**What you are asked to do**
What is needed is an exact copy of the whole listing below, with no pictures.

**Available data**
* * * * *

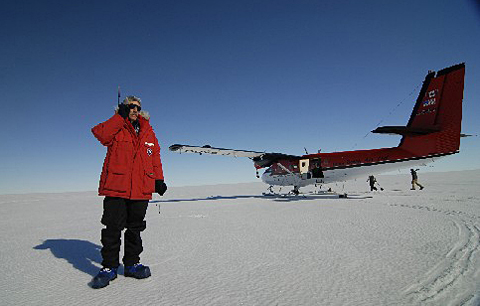 Man standing on ice with plane in background.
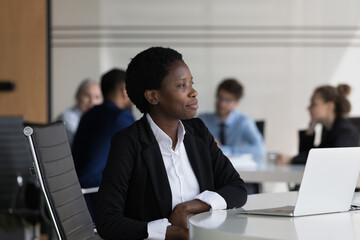 African businesswoman looks into distance thinks or daydreams distracted from work sit at desk with laptop, feels satisfied by promotion and career growth. Business aspirations, vision, plans concept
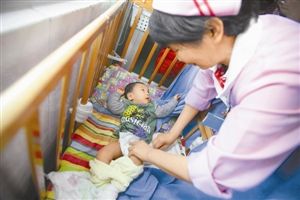 高雷 医护人员给小七换尿布。 晶报记者 高雷/文、图 高雷 医护人员给小七换尿布。 晶报记者 高雷/文、图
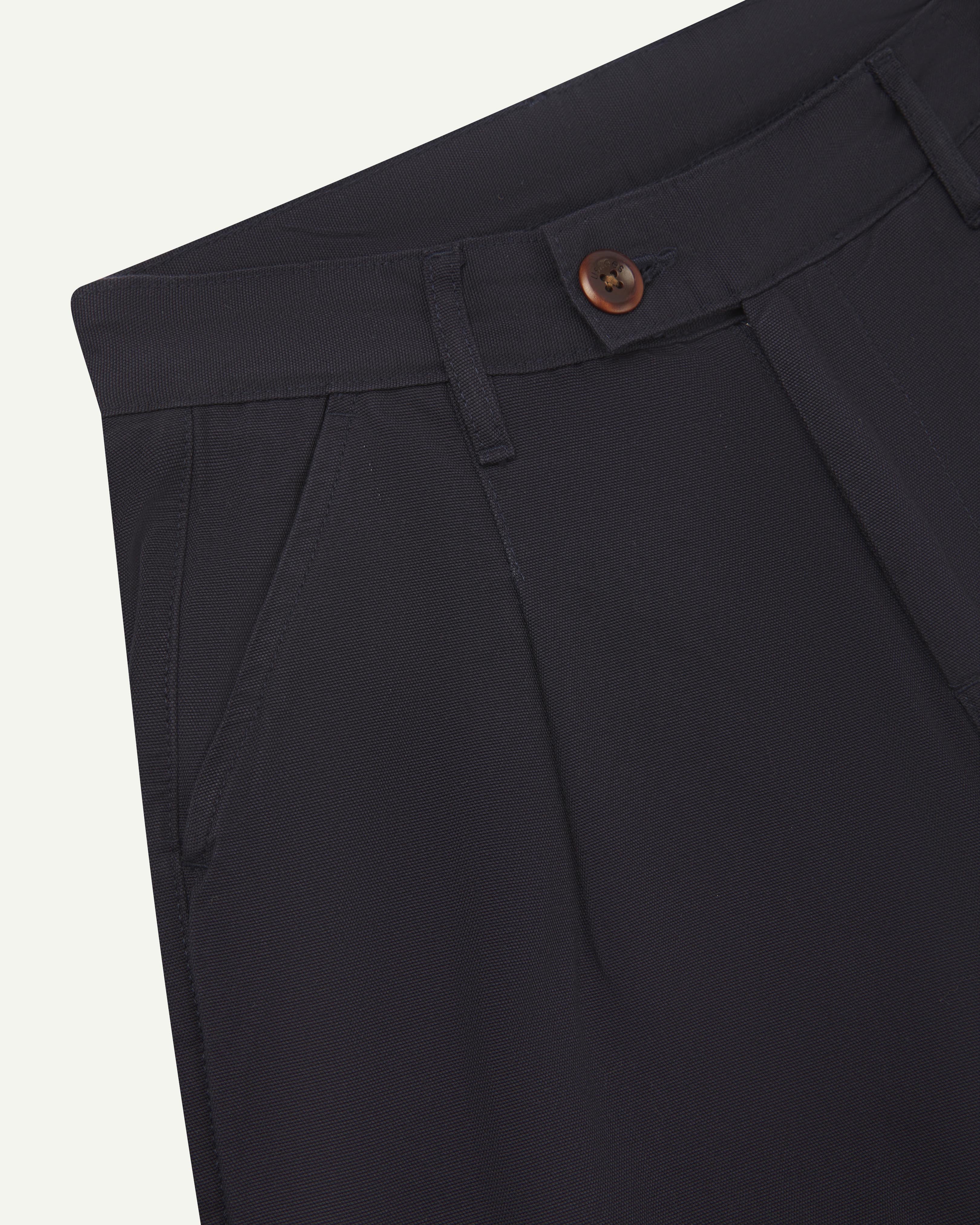 Front close-up shot of #5018 Uskees men's organic mid-weight cotton boat trousers in dark blue showing waist band fastening , belt loops and slanted front pocket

* * * * *

**Response to this exercise**
 Man standing on ice with plane in background.
 African businesswoman looks into distance thinks or daydreams distracted from work sit at desk with laptop, feels satisfied by promotion and career growth. Business aspirations, vision, plans concept
 高雷 医护人员给小七换尿布。 晶报记者 高雷/文、图 高雷 医护人员给小七换尿布。 晶报记者 高雷/文、图
 Front close-up shot of #5018 Uskees men's organic mid-weight cotton boat trousers in dark blue showing waist band fastening , belt loops and slanted front pocket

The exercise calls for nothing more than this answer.